Also of note: If we operate under the assumption that you're correct about the film's earnings, that still doesn't necessarily justify or explain the "spoiler" on the lenticular (huh, spell check doesn't seem to know that word) cover. In fact, going back over your post, a couple of your sentences appear to be contradicting your theory. If I'm reading you correctly, you're saying that almost no one saw it in theaters, so in order to make a good sale on home video, many of the monsters where highlighted on the box cover to entice newcomers who might see it and go, "Hey, cool. This looks like all the Horror movies for the price of one!". Otherwise, they were only left to sell to the converted, which by your estimation is too small, so fuck it?

The thing is, the theatrical trailer already told you there were numerous baddies to be found in the movie, which is really all the box art here is doing anyway.
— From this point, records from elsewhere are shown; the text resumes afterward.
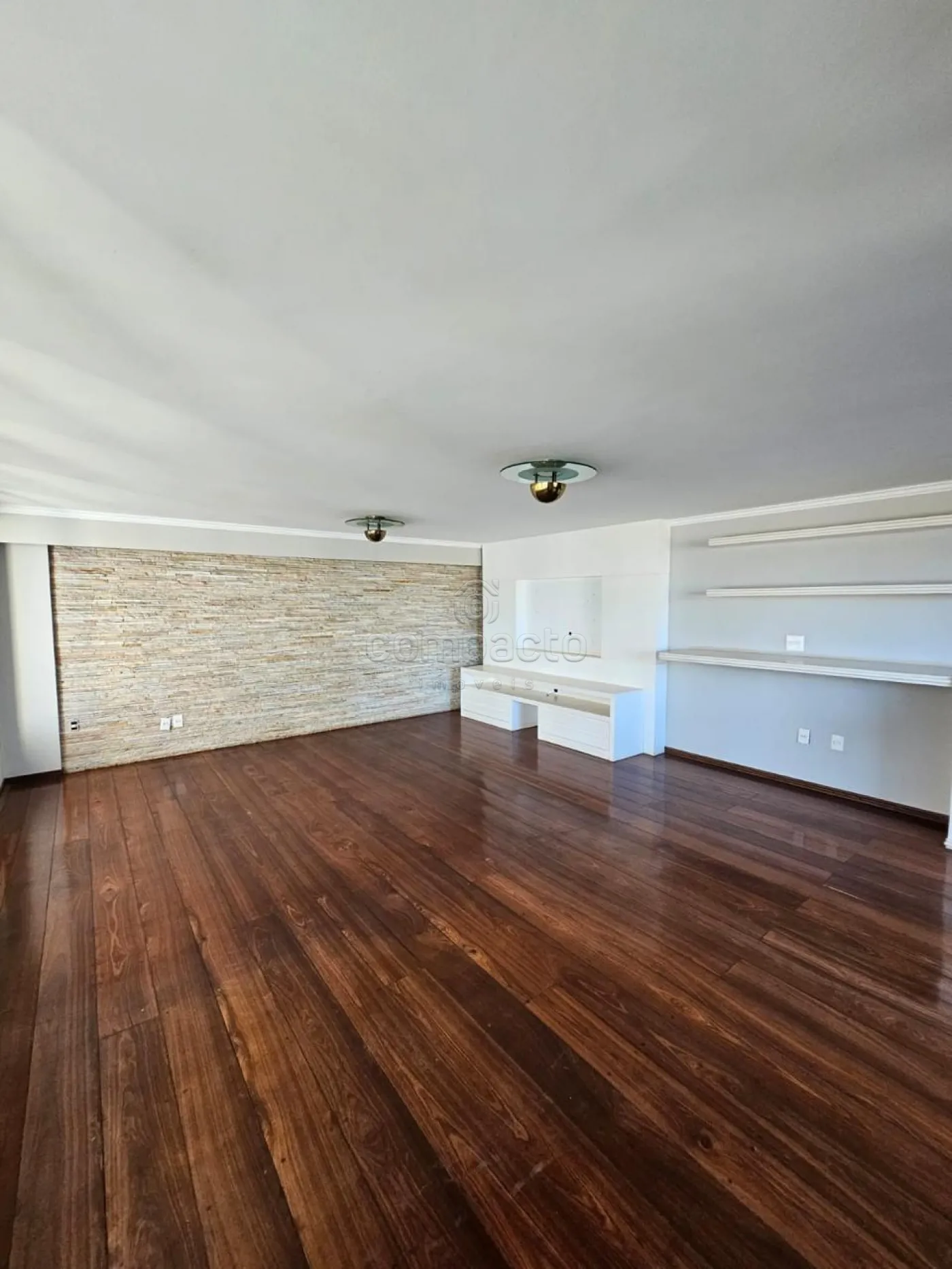Apartamento 4 Quartos (3 Suítes) | 2 Vagas | Centro
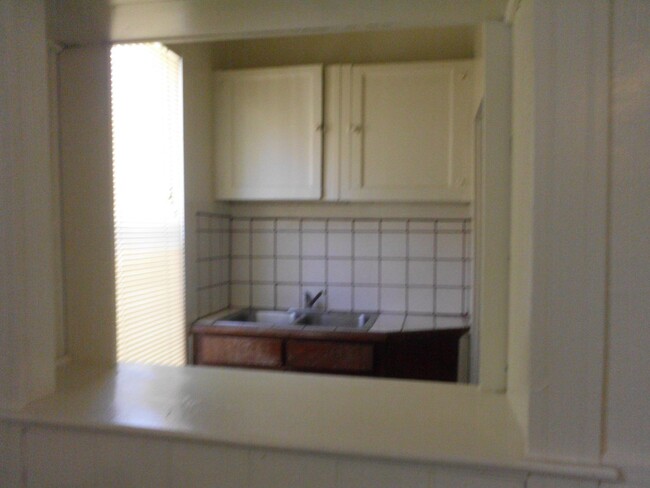 Building Photo - 4Bd 2Bath Available Now 6 month lease only...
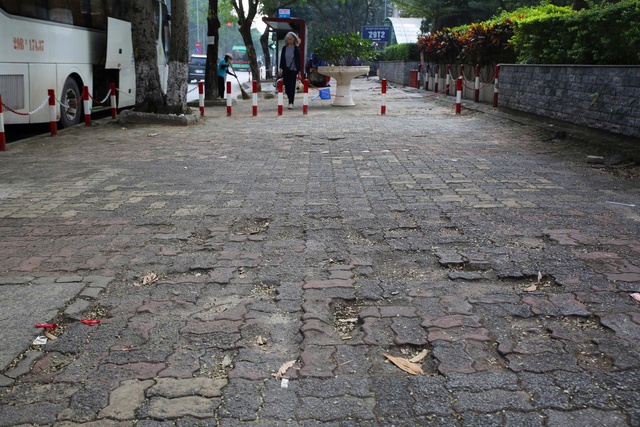 Hà Nội làm mới vỉa hè trên nhiều tuyến phố- Ảnh 2.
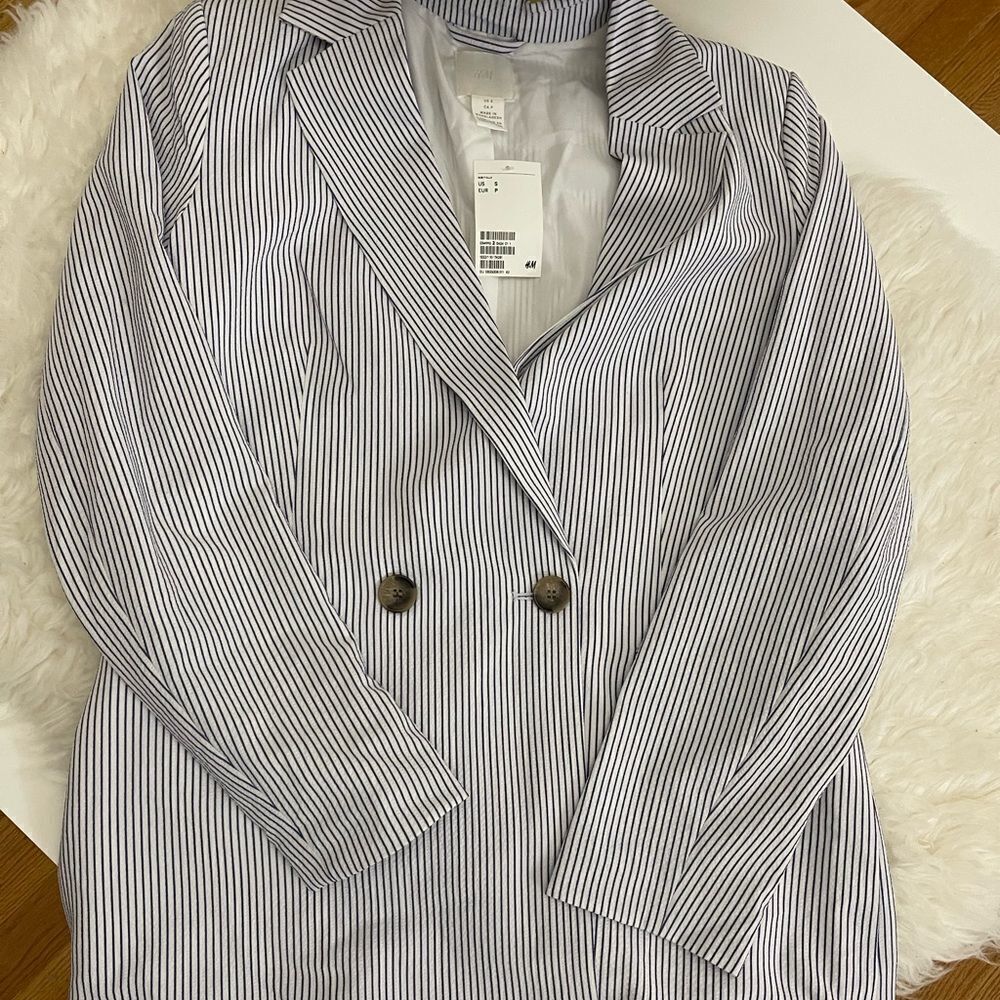 NWT. H& M Blue & White Blazer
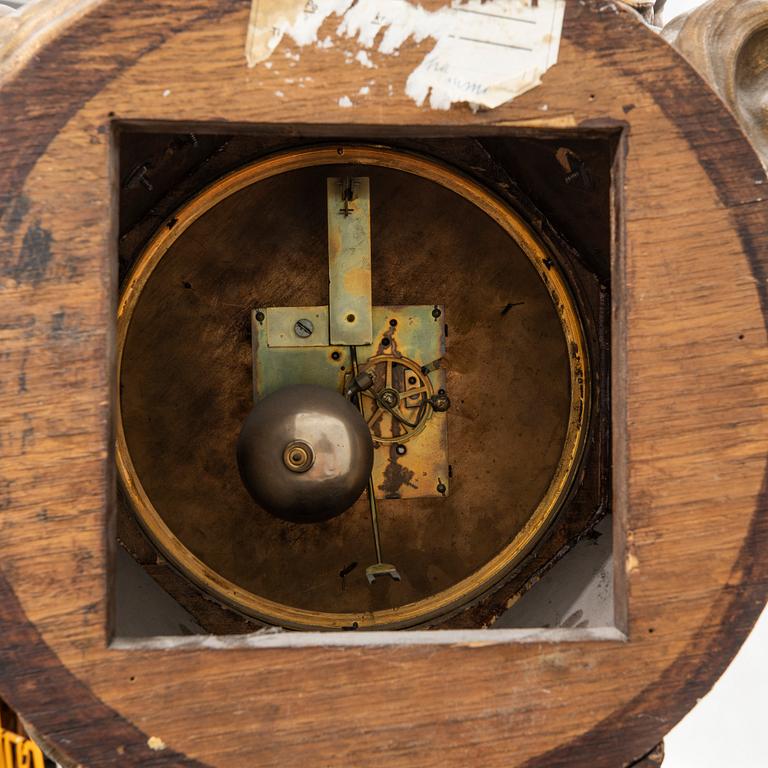 Golvur Louis XV-stil 1800-talets senare del.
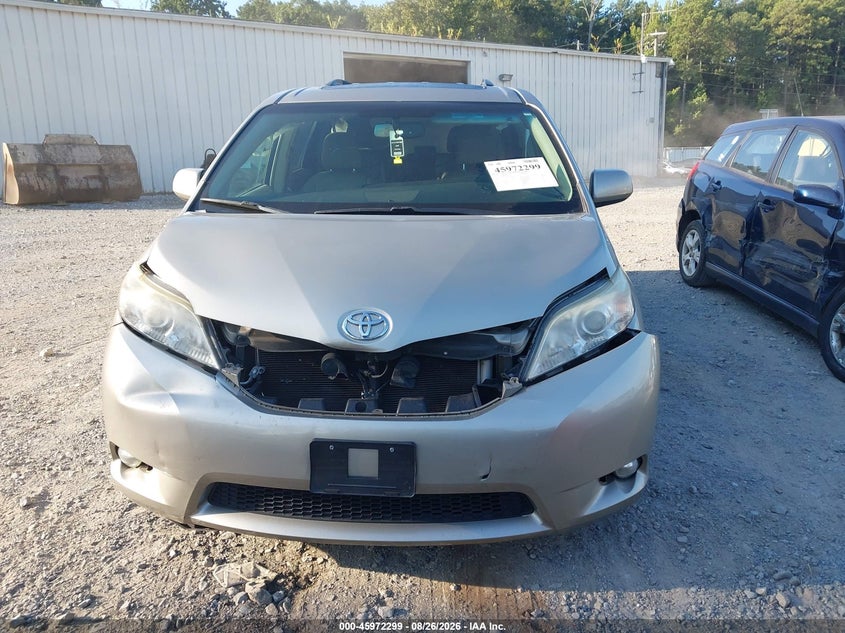 TOYOTA SIENNA - zdjęcie 12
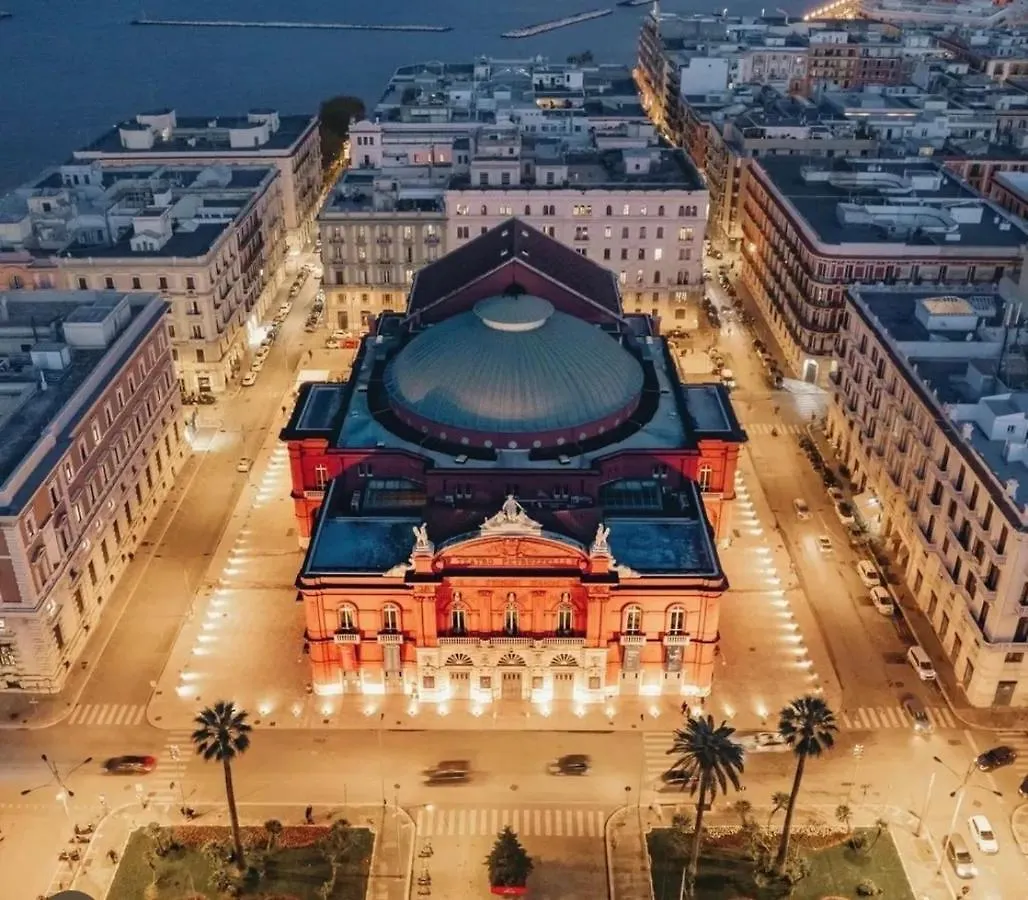 Annamaria - Central Station Charming Accommodation Bari Appartement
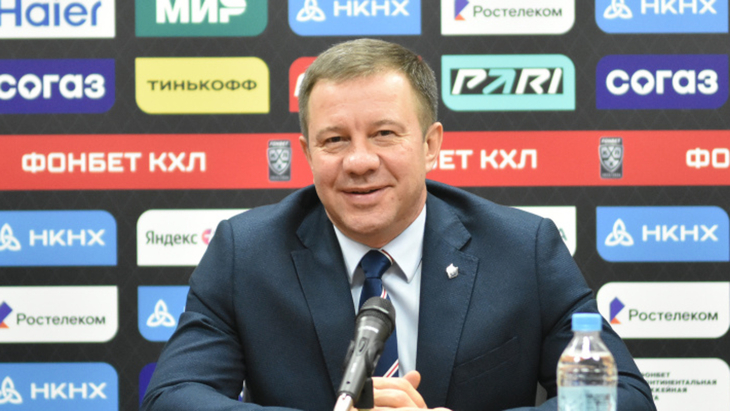 Олег Леонтьев — главный тренер «Нефтехимика»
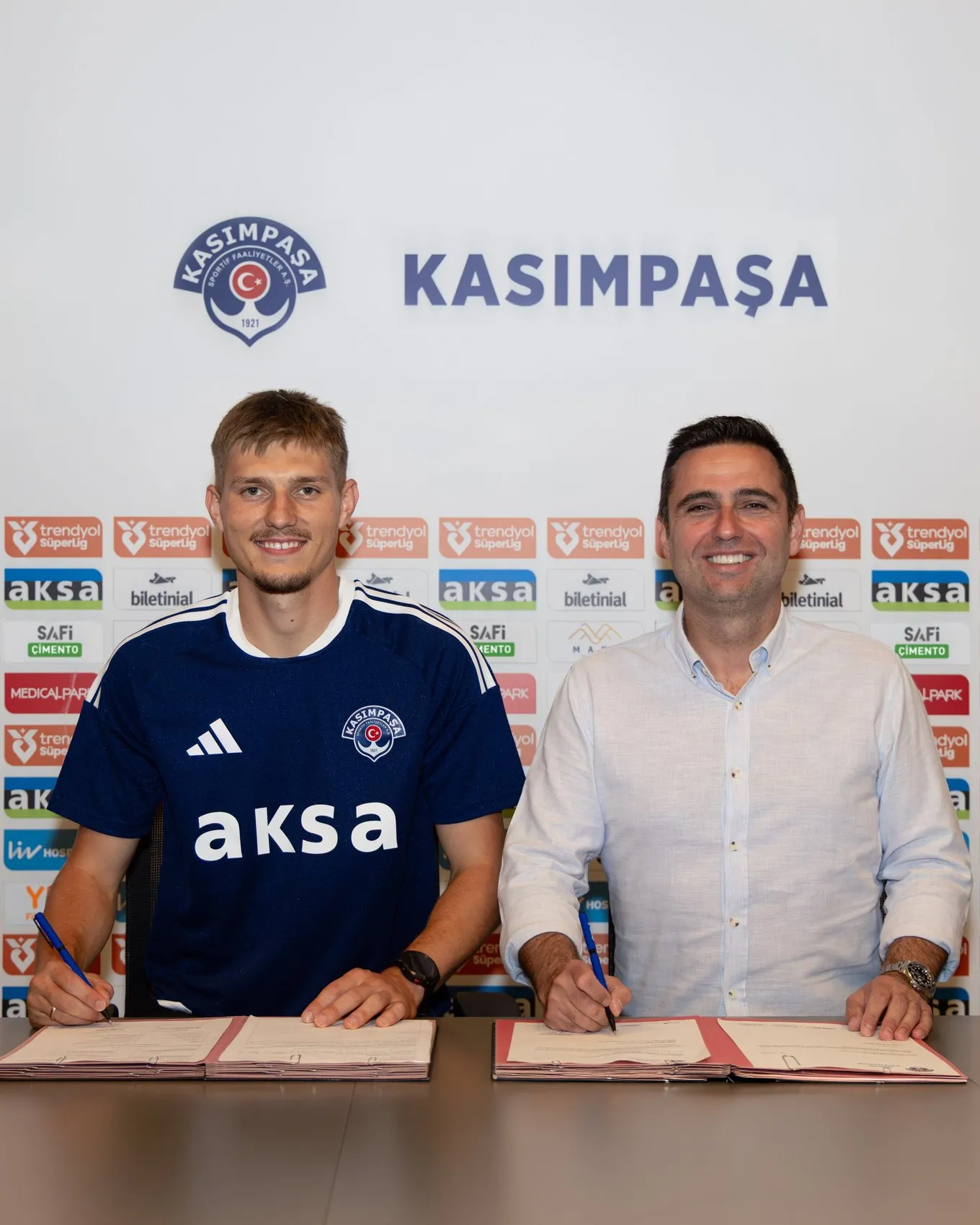 Kasımpaşa golcüsü Adrian Benedyczak ile yola devam ediyor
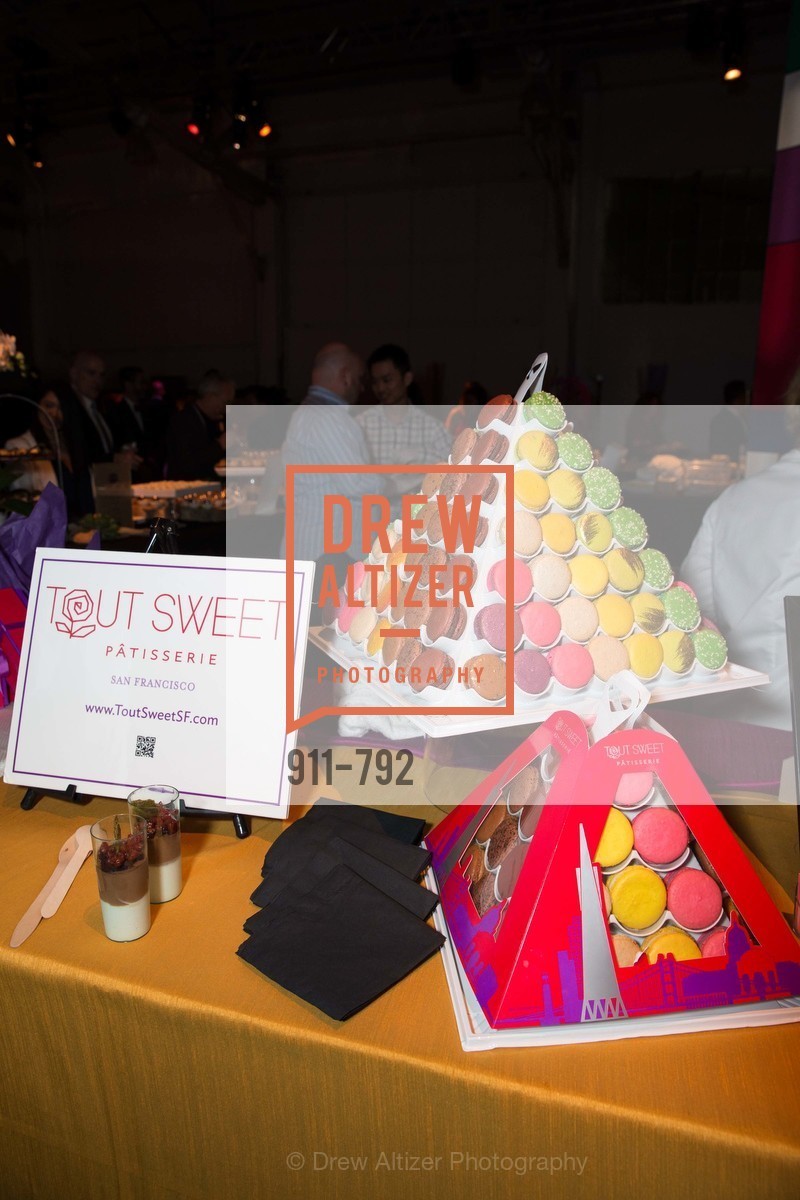 Tout Sweet Patisserie, MEALS ON WHEELS OF SAN FRANCISCO'S 28th Annual Star Chefs and Vintners Gala, US, April 20th, 2015,Drew Altizer, Drew Altizer Photography, full-service event agency, private events, San Francisco photographer, photographer California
The context or "twist" is still a safely kept secret. Plus, they're not going to try to sell to those who have already seen and liked the movie because they don't have to/need to. They already know those people will buy. They're more or less a foregone conclusion. This is about grabbing new viewers. People who are either exclusively home entertainment consumers, or those who missed the opportunity to see it at the cinema. The time to preach to the choir is mostly reserved for special editions or double-dip releases later down the road.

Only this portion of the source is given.